Deseo de estar en otro lado, en otro lugar. Deseo de otras formas, de otros espacios, de otras maneras de vivir en su interior. El ejercicio de Laia: un esfuerzo por intentar ser allí donde no viene dado simplemente ser. Es decir, cualquier lado. El cuerpo y la voz buscaban, irrumpían, interceptaban, cambiando el sentido de ese lugar preciso. Embaucándose en una especie de práctica de traslado que abría otros espacios y otras formas posibles de fundarlos y ocuparlos. 

Deseo de ser otra: otra pájaro, otra artista, otra araña. 

©Miquel Coll

Y vuelvo a ver a Laia subida en la red. Y pienso que pensé que el cuerpo hablante opera, aunque su discurso sea incomprensible. Produce efectos sobre la realidad. Al hacerse pasar por pájaro, por cualquier pájaro, se produce un corte violento con la expectativa de que ese cuerpo (femenino) actúe como tal.
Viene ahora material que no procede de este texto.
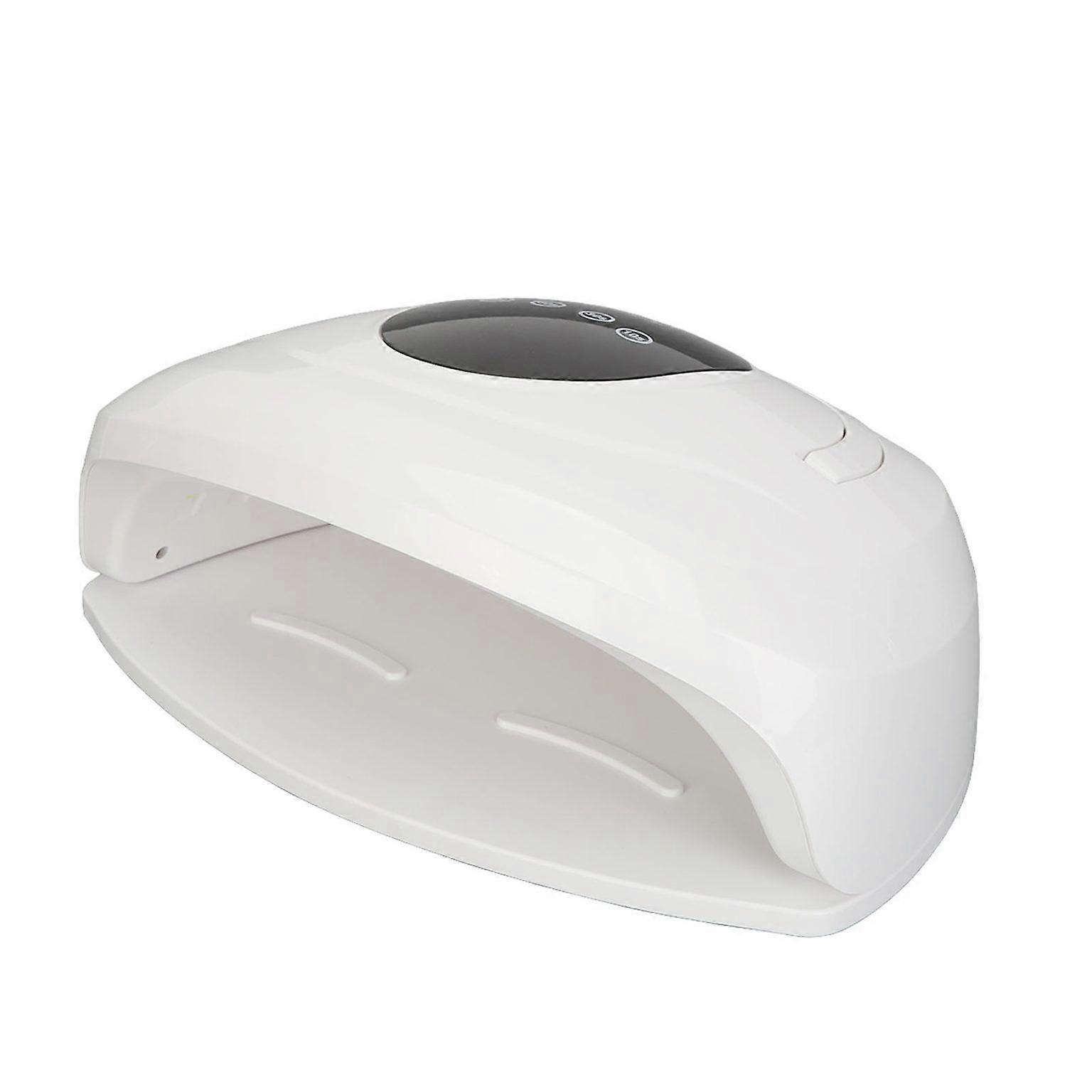 Intelligent UV Nail Lamp with 72 Light Chips and Infrared Sensor - Large Size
Y pienso que por eso Pizarnik pedía, como propósito del año nuevo, vivir en sí. Y no fantasear ni ser otras. Y pienso también que en Ocells perduts existe ese deseo a contrapelo de ser otra. Que los ensayos abiertos exploran formas de hacer con eso y ante eso. Con el deseo. Con la locura. Y que, al imitar los ruidos de esos pájaros, al emular sus poses, al avanzar piando, cacareando…, algo se clausuraba y algo se abría. 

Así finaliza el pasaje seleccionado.